Итак, он лелеет в душе возлюбленный дом, ища возможности вернуться; и пришед, обретает его выметенным и убранным, то есть, изгнанный, предпочитает направиться в оставленные пенаты, а не влачиться без конца по грубому бездорожью, и обретает напоследок домик свой благодаря крещению очищенным от гноя грехов, но ничем не наполненным благодаря усердию в добрых делах. Посему хорошо говорит Матфей об этом доме, что он обретается незанятым, метлами очищенным и убранным: очищенным от былых грехов посредством крещения, незанятым добрыми делами по нерадению, убранным притворными добродетелями по лицемерию.
И тогда идет, и берет с собою семь иных духов, худших себя, и, войдя, живут там. Семью злыми духами он обозначает общность пороков. Ведь всякий, кем по крещении завладеет или еретическая кривизна, или мирская страсть, скоро ввергается в бездну всех пороков. Поэтому справедливо говорится, что вошел тогда в него угрюмый полк, худшие духи. Он ведь не только те семь пороков стяжает, что противны семи духовным добродетелям, но и от лицемерия будет притворяться, что стяжал сии самые добродетели.

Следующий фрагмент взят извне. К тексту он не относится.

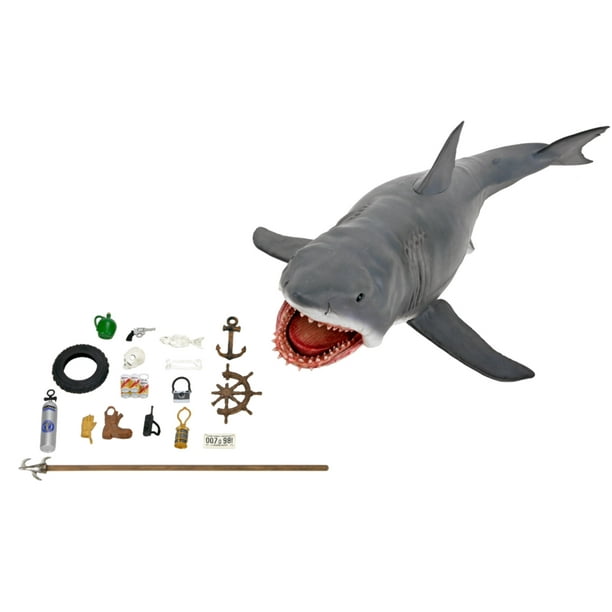 JAWS アクションフィギュア The Game of Jaws ジョーズ　特大 NECA, Jaws 50th Anniversary Action Figure, 15 Inch The Game of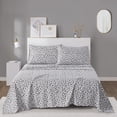 thumbnail image 4 of Printed Microfiber Sheet Set, 4 of 5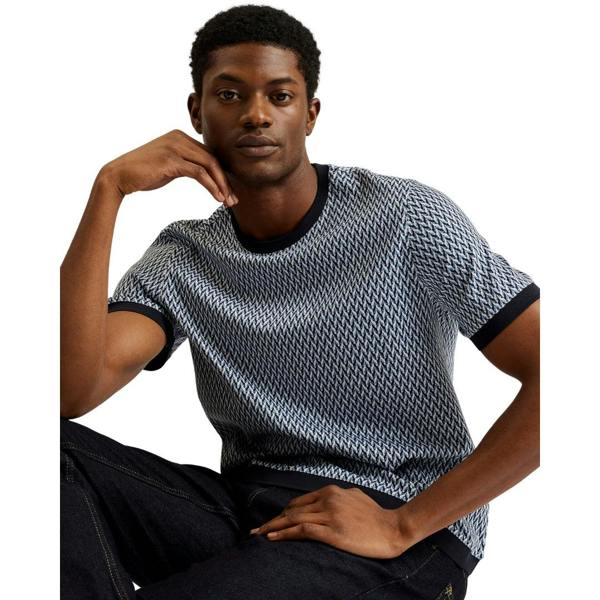 Ted Baker MMB FINITY SS Regular Jacquard T Shirt 6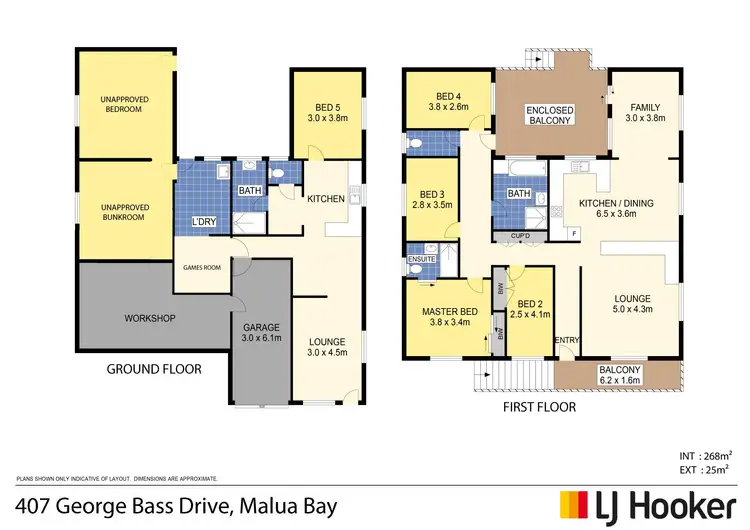 Floorplan of Homely house listing, 407 George Bass Drive, Malua Bay NSW 2536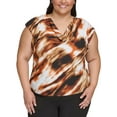 thumbnail image 1 of Calvin Klein Womens Plus Office Casual Pullover Top, 1 of 5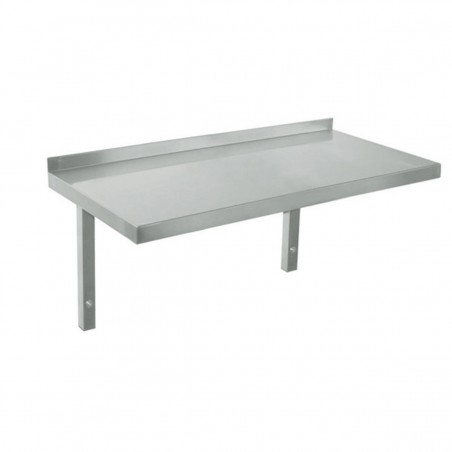 Étagère inox murale adossée 1 niveau - 1400x400 mm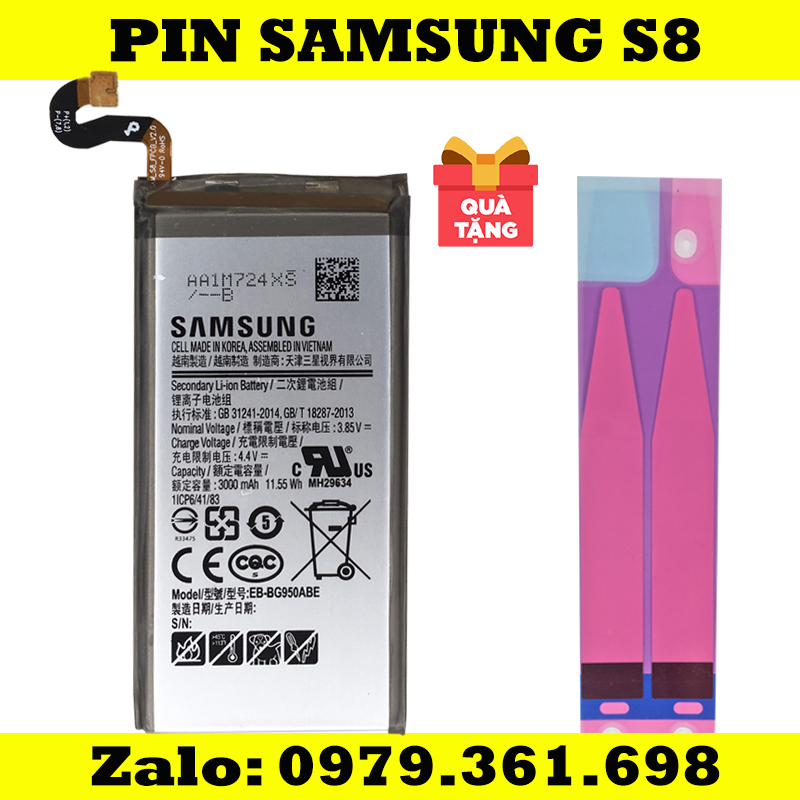 Pin samsung s8 - hàng new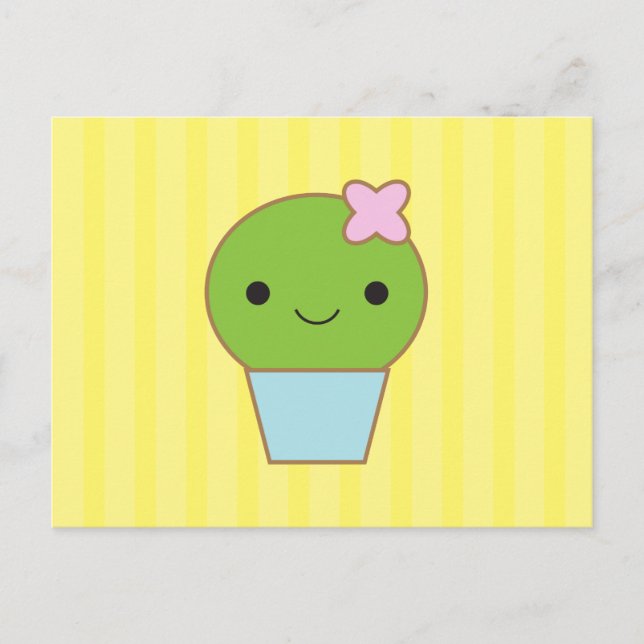 Cartão Postal Pequeno Cacto (Frente)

И бывает человеку тому последнее горше первого. Лучше было ему не знать стези истины, чем, узнав ее, повернуть вспять. Но когда приходит слуга Орка, делается темницею домик, прежде чистый, а теперь продымленный змеиною стужей, тотчас гибнет изгнанная надежда; ничего не остается тебе, несчастный, чем уберечь свое благоденствие и жизнь. Противу многих вражеских дротов боец пользуется одним щитом, ты же и того единого не имеешь, помощью которого надлежало тебе уцелеть.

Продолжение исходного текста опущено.